WORK REQUEST:
Your task is to copy the listing exactly, with the pictures left out.

DATA SECTION:

--------------------------------------------------

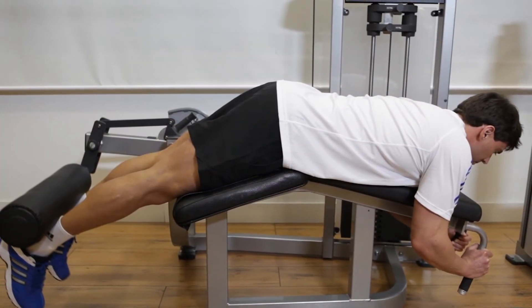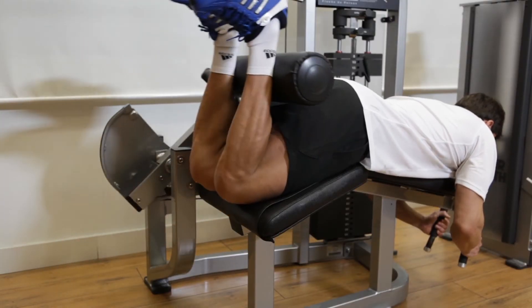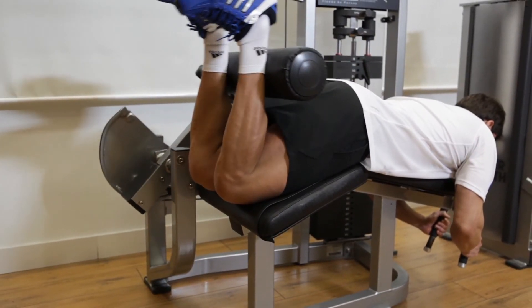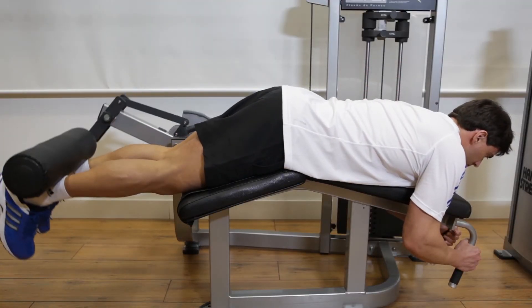This is the starting position. Now inhale as you use your hamstrings to curl your legs to raise the weight as high as possible. Hold the contraction for a moment and then inhale as you slowly lower your legs back to the starting position. Make sure to keep your thighs on the bench throughout this exercise.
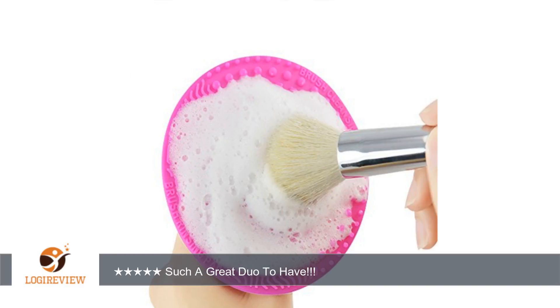I would definitely take it on my trips since even on the go I don't mind keeping my brushes clean. Keeping them clean makes my face break out less.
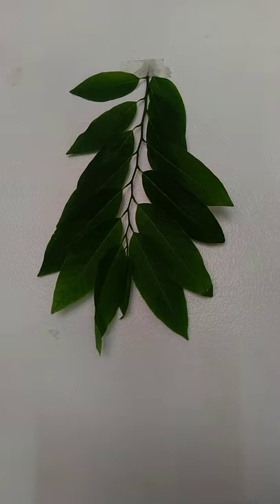Hello everyone. The title of this video is 'Herb: Sugar Apple Leaves.' In front of you, you can see the leaves of sugar apple. Before I start the video, I will say the disclaimer: the information that I will be talking about in this video is for educational purposes only.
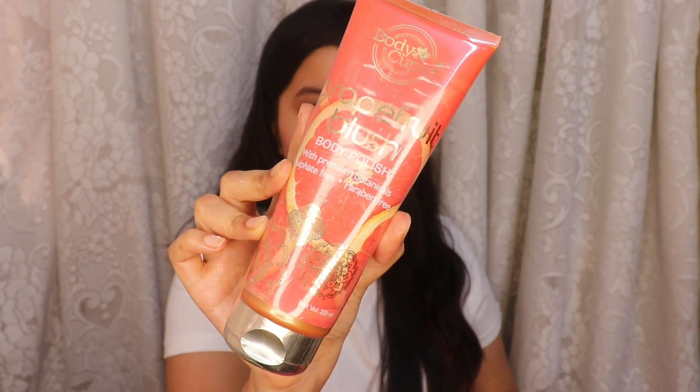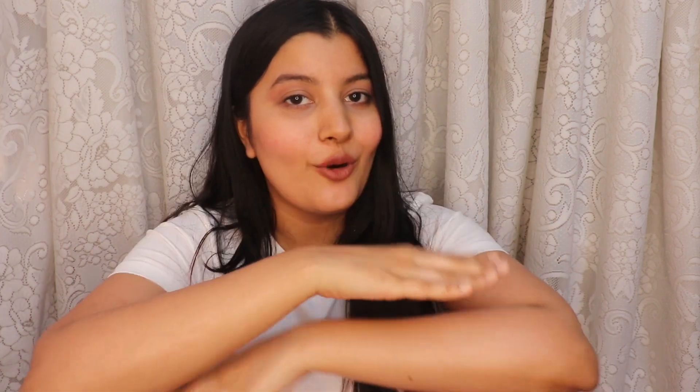I also have the Grapefruit Blush variant, which I'm going to start using once I finish the Wild Strawberry one. I've used a lot of Body Cupid products — they all smell amazing and give you that luxurious feeling. I highly recommend you check out Body Cupid body polish and all their other products. I've advised this technique to so many friends and cousins and they've all been so happy with it. If you found this video helpful, please give it a thumbs up, subscribe if you're new here, follow me on Instagram, and I'll see you super soon.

--------------------------------------------------

YOUR RESPONSE:
This is the starting position. Now inhale as you use your hamstrings to curl your legs to raise the weight as high as possible. Hold the contraction for a moment and then inhale as you slowly lower your legs back to the starting position. Make sure to keep your thighs on the bench throughout this exercise.
I would definitely take it on my trips since even on the go I don't mind keeping my brushes clean. Keeping them clean makes my face break out less.
Hello everyone. The title of this video is 'Herb: Sugar Apple Leaves.' In front of you, you can see the leaves of sugar apple. Before I start the video, I will say the disclaimer: the information that I will be talking about in this video is for educational purposes only.
I also have the Grapefruit Blush variant, which I'm going to start using once I finish the Wild Strawberry one. I've used a lot of Body Cupid products — they all smell amazing and give you that luxurious feeling. I highly recommend you check out Body Cupid body polish and all their other products. I've advised this technique to so many friends and cousins and they've all been so happy with it. If you found this video helpful, please give it a thumbs up, subscribe if you're new here, follow me on Instagram, and I'll see you super soon.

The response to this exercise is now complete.